Actual Frequency distribution:
In reality, the number of unique segments requiring translation varies between the two extremes depending on the type of document analyzed. In some documents, a single segment may be repeating a hundred times. In general, number of repeats vary. Returning to our example, let us say that the repeats have the following actual frequency distribution:

2,000 words repeated two times. = 4,000 words
1,500 words repeated three times = 4,500 words
125 words repeated four times = 500 words
200 words repeated five times = 1,000 words

Total number of words in unique segments requiring translation = 3725 words.

Cost Estimates based on Scenarios:

Now we can estimate costs on the basis of our hypotetical scenarios, and determine the gains or losses incurred by the parties, i.e., by the outsourcer and the translator. 

In all calculations let us assume that  full rate is 0.1 unit currency, and the translator offers 70% discount for repeats.

Table 1. Actual Number of Words Requiring Translation and Costs

Scenario unique words translated  quoted price outsourcer's gain/loss translator's gain/loss
Best 10 300 - 299  + 299
Worst 5000 300 + 200  - 200
Actual 3725 300 + 72.5 - 72.5

As can easily be seen from the table, all scenarios other than the "best" one leads to translator to suffer real losses. The more he discounts, the more he looses. Therefore, he should be careful when quoting discounts for repeats. In practice, discounts more than 60% lead to losses for the translator. 

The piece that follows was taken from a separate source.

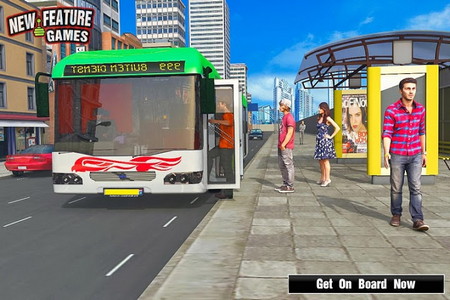 Jogos de ônibus de passageiros da City Coach versão móvel andróide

Let us illustrate this with our above example, this time assuming that the translator quotes discount on the basis of worst scenario. 

Table 2. Discount Quoted on the Basis of Worst Scenario (i.e., at 50%)

Scenario unique words translated  quoted price outsourcer's gain/loss translator's gain/loss
Best 10 500 - 499  + 499
Worst 5000 500 0 0
Actual 3725 500 - 127.5 + 127.5
And the last table for 60% discount shows that this is the optimum level for both the outsourcer as well as the translator.

Table 3. Discount Quoted at 60% (i.e., currency unit 0.04 / words)

Scenario unique words translated  quoted price outsourcer's gain/loss translator's gain/loss
Best 10 400 - 399  + 399
Worst 5000 400 +100 -100
Actual 3725 400 - 27.5 + 27.5

In summary, we can safely conclude that the repeats discount should not be less than 50% and greater than 70%, the optimum rate being 60%.